In this exercise, write out the data word for word and leave every image out.
+ + + + +
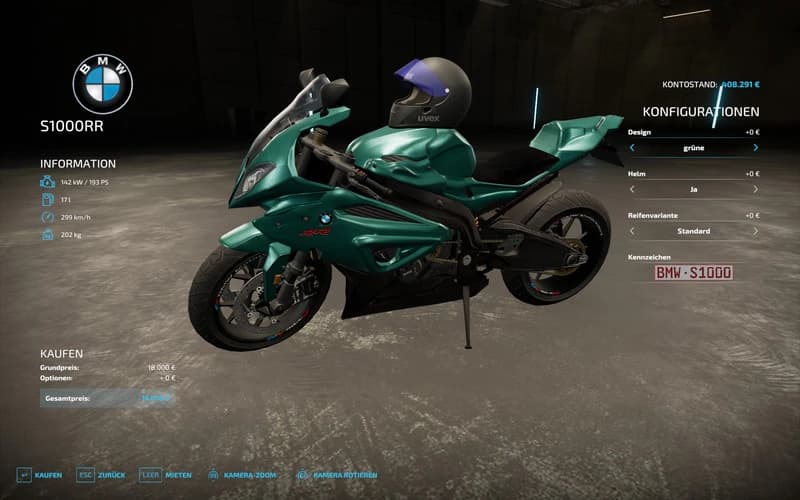 SPORT BIKE BMW S1000RR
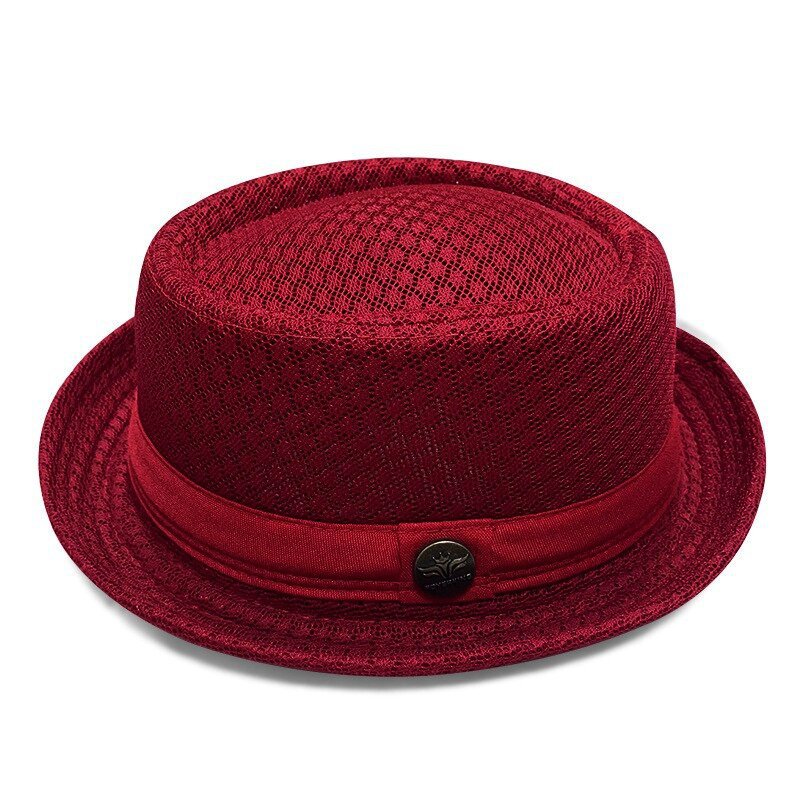 🥳2026 HOT SALE💥50% OFF NOW✨☀️Summer Breathable Mesh Pork Pie Hat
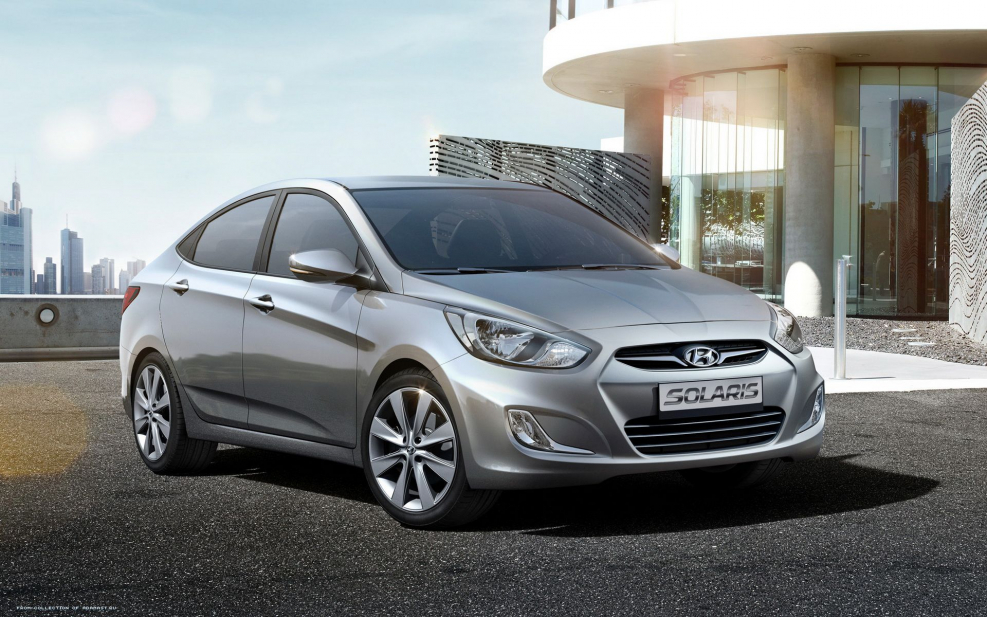 Hyundai Solaris 2010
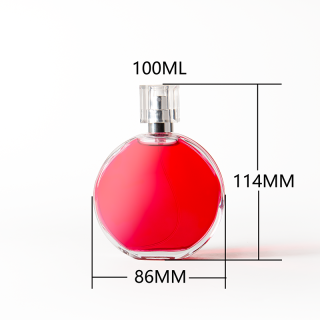 Botol Parfum Wanita Eau De Toilette Tahan Lama Kelas Atas Botol Kaca Parfum Wanita 100ml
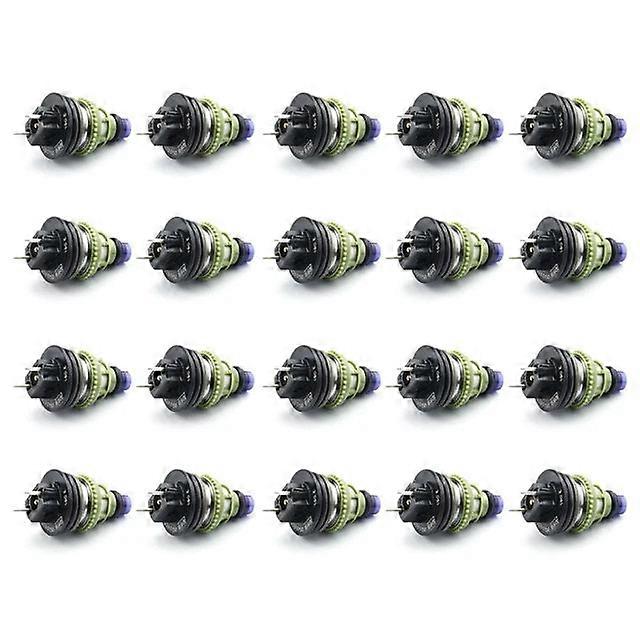 20 Einspritzdüsen Für Renault 19 Clio 1.6 Spi Fiat Tipo Ie Und Golf 1.8 (referenznummern: 0280150698, 9946343, 7077483)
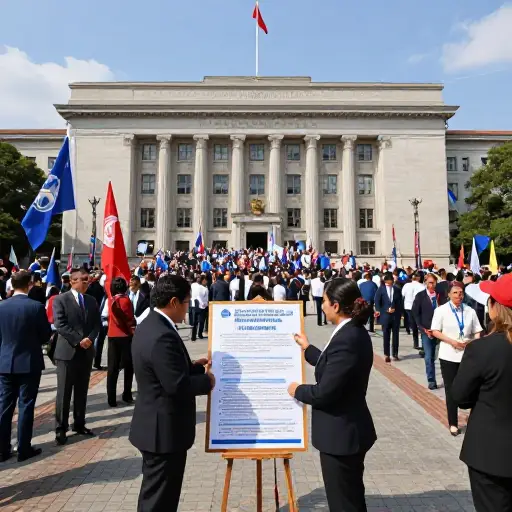 选举后，该党掌权并实施了新政策。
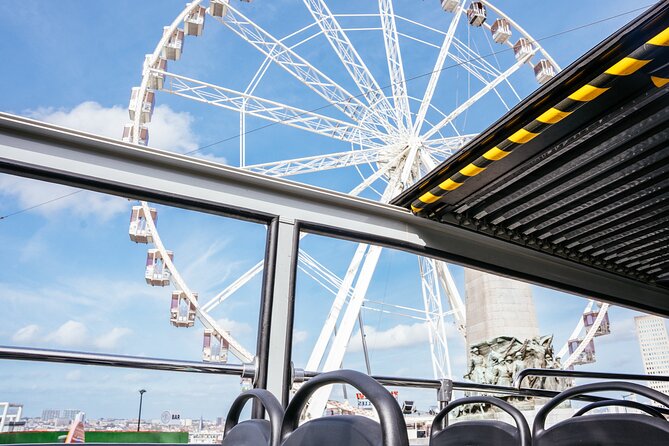 Brussels Tootbus Discovery Hop-on Hop-off and Ferris Wheel - Why this Brussels bus tour can be useful
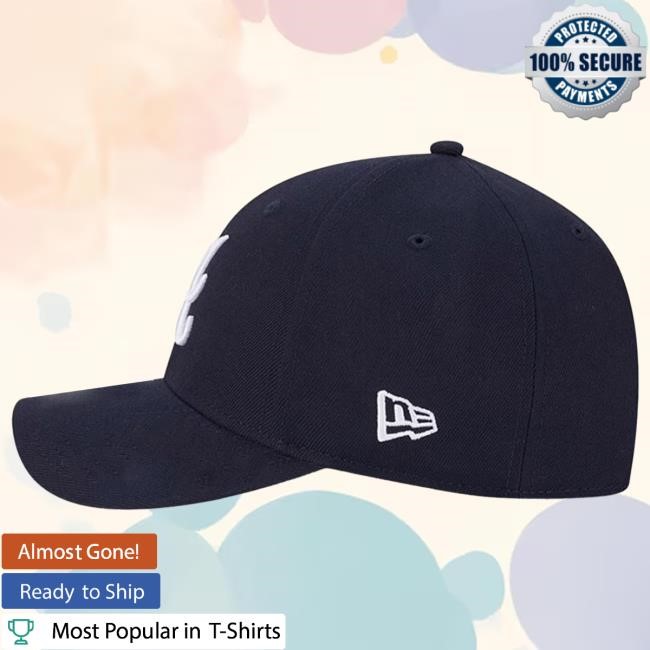 New Era Atlanta Braves 9FORTY Adjustable Hat MLB Baseball MLB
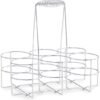 550x561-62.jpg Unyqoos® Stijlvolle flessenhouder voor zes flessen met handig draaghandvat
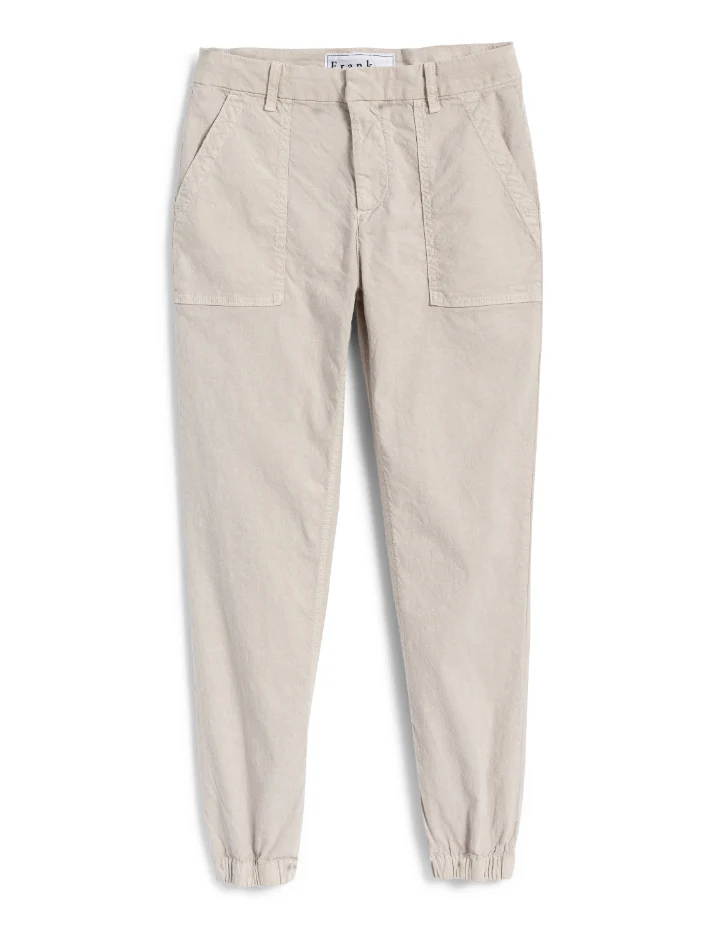 Jameson Utility Jogger in Linen - Image 10
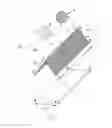 Fig. 04 - Corrugated fish screen with continuous flow refugia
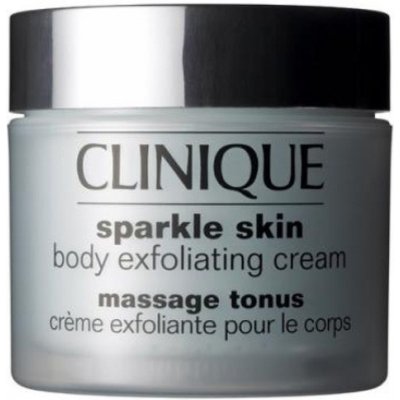 Clinique Sparkle Skin Body Exfoliating Cream - Telový peeling 250 ml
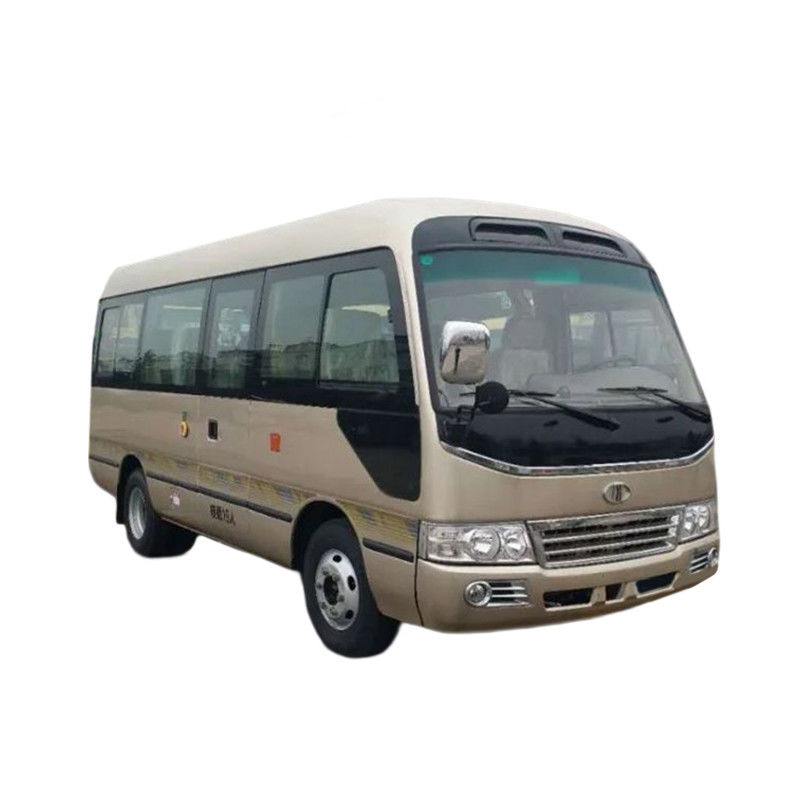 LHD 코스터 버스 30 좌석 좋은 상태 연료 종류 디젤 횡단보도 무게 3000kg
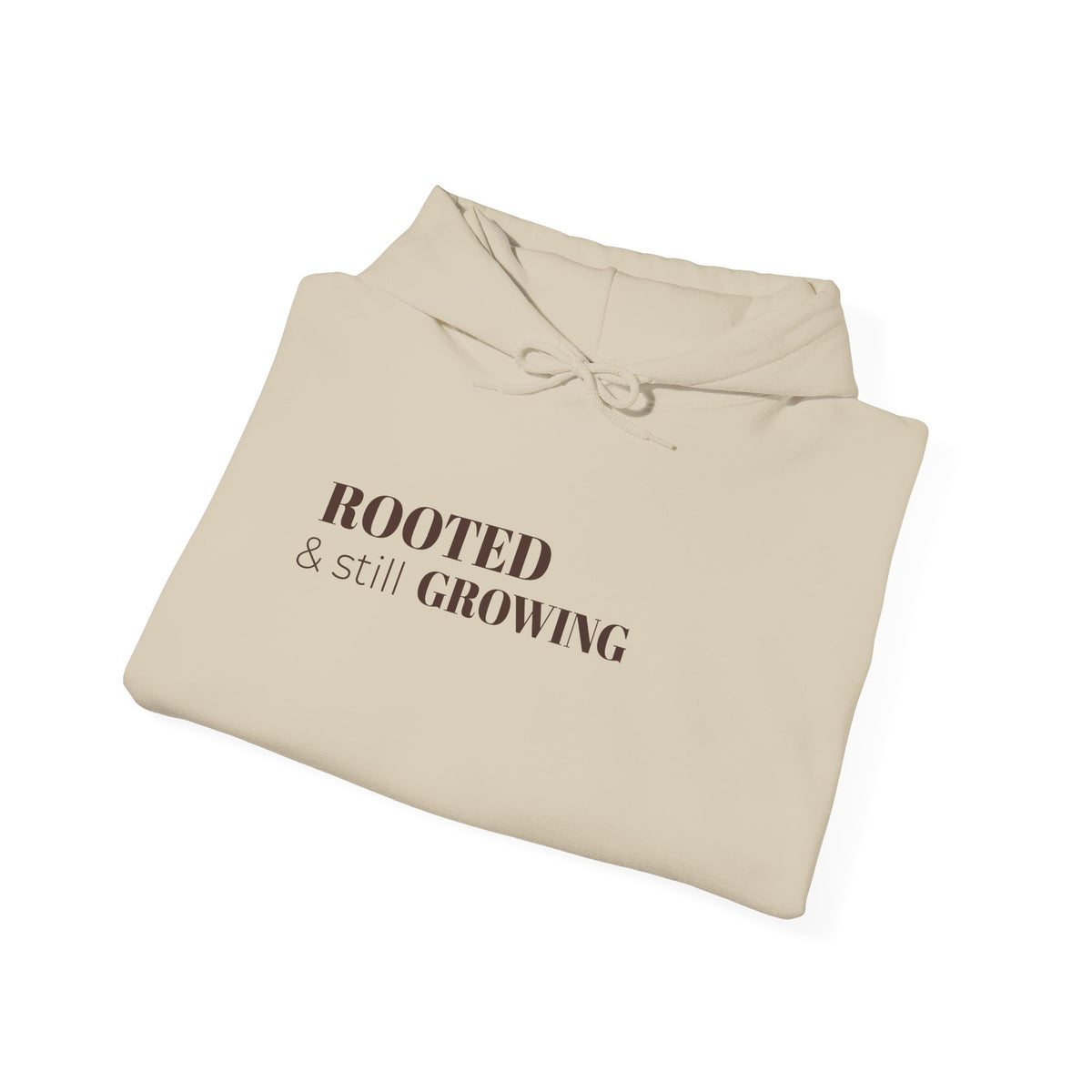 Rooted & Still Growing Hoodie | Unisex Inspirational Hoodie | Loc & Natural Hair Lifestyle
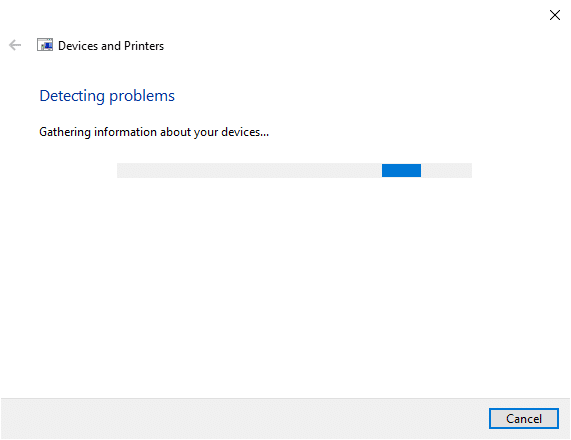 انتظر حتى يكمل نظامك عملية استكشاف الأخطاء وإصلاحها وإصلاح أي مشاكل إذا كانت موجودة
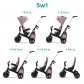 Продукт KinderKraft EASYTWIST - Триколка 5 в 1 - 36 - BG Hlapeta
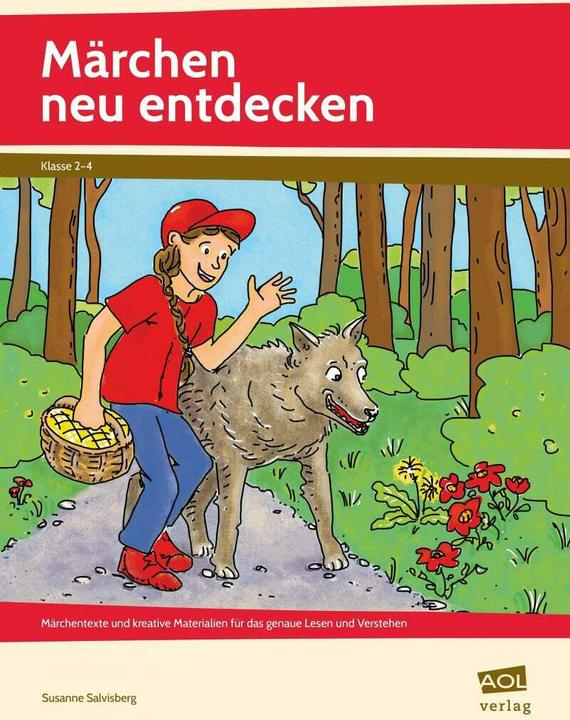 Produktbild Märchen neu entdecken (Deutsch, Susanne Salvisberg, 2018)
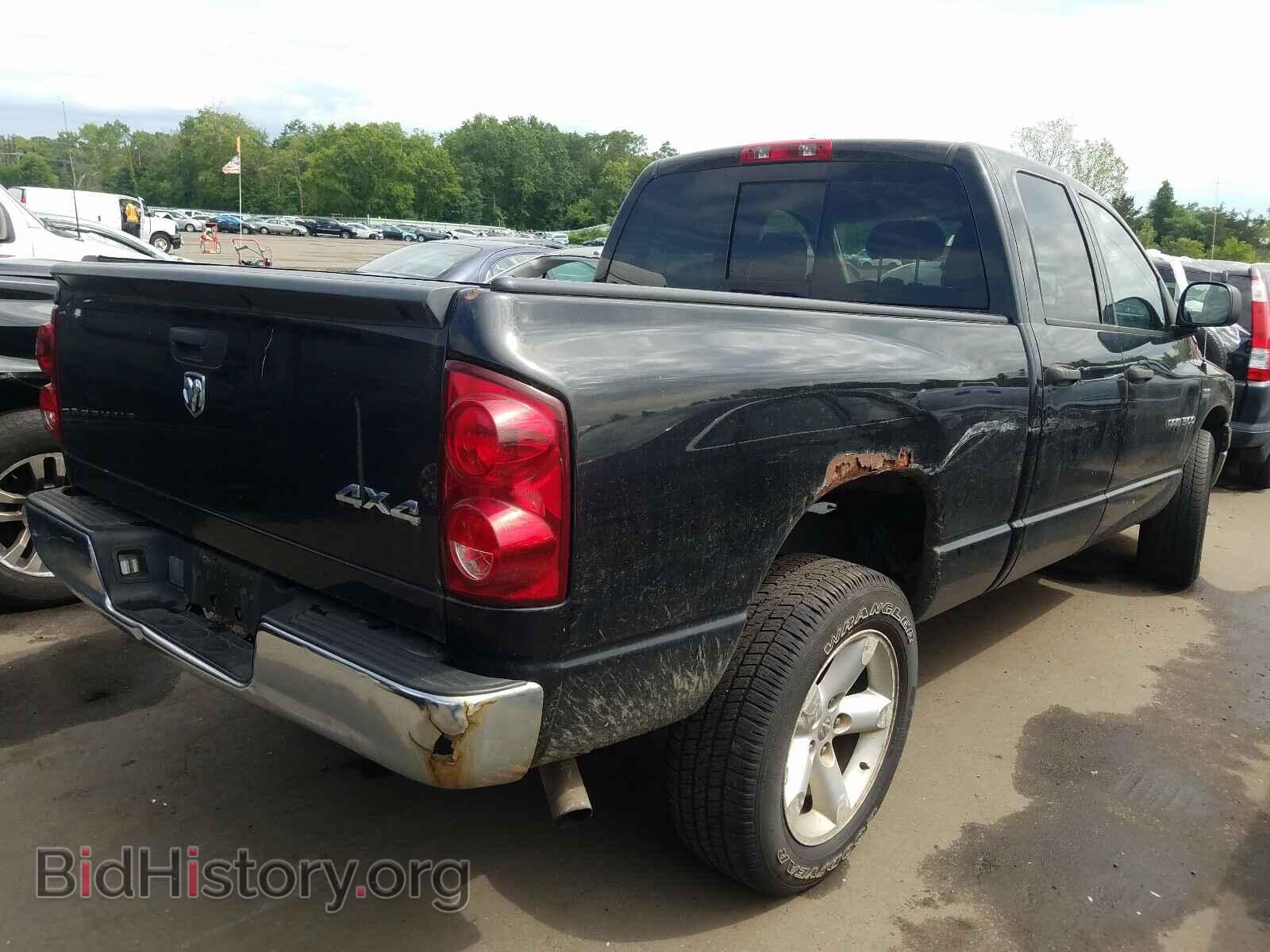 2007 DODGE RAM 1500 - VIN: 1D7HU18287S240646 - Фото 4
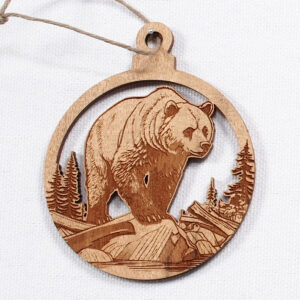 Myrtlewood Ornament-Bear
+ + + + +
Written solution:
 SPORT BIKE BMW S1000RR
 🥳2026 HOT SALE💥50% OFF NOW✨☀️Summer Breathable Mesh Pork Pie Hat
 Hyundai Solaris 2010
 Botol Parfum Wanita Eau De Toilette Tahan Lama Kelas Atas Botol Kaca Parfum Wanita 100ml
 20 Einspritzdüsen Für Renault 19 Clio 1.6 Spi Fiat Tipo Ie Und Golf 1.8 (referenznummern: 0280150698, 9946343, 7077483)
 选举后，该党掌权并实施了新政策。
 Brussels Tootbus Discovery Hop-on Hop-off and Ferris Wheel - Why this Brussels bus tour can be useful
 New Era Atlanta Braves 9FORTY Adjustable Hat MLB Baseball MLB
 550x561-62.jpg Unyqoos® Stijlvolle flessenhouder voor zes flessen met handig draaghandvat
 Jameson Utility Jogger in Linen - Image 10
 Fig. 04 - Corrugated fish screen with continuous flow refugia
 Clinique Sparkle Skin Body Exfoliating Cream - Telový peeling 250 ml
 LHD 코스터 버스 30 좌석 좋은 상태 연료 종류 디젤 횡단보도 무게 3000kg
 Rooted & Still Growing Hoodie | Unisex Inspirational Hoodie | Loc & Natural Hair Lifestyle
 انتظر حتى يكمل نظامك عملية استكشاف الأخطاء وإصلاحها وإصلاح أي مشاكل إذا كانت موجودة
 Продукт KinderKraft EASYTWIST - Триколка 5 в 1 - 36 - BG Hlapeta
 Produktbild Märchen neu entdecken (Deutsch, Susanne Salvisberg, 2018)
 2007 DODGE RAM 1500 - VIN: 1D7HU18287S240646 - Фото 4
 Myrtlewood Ornament-Bear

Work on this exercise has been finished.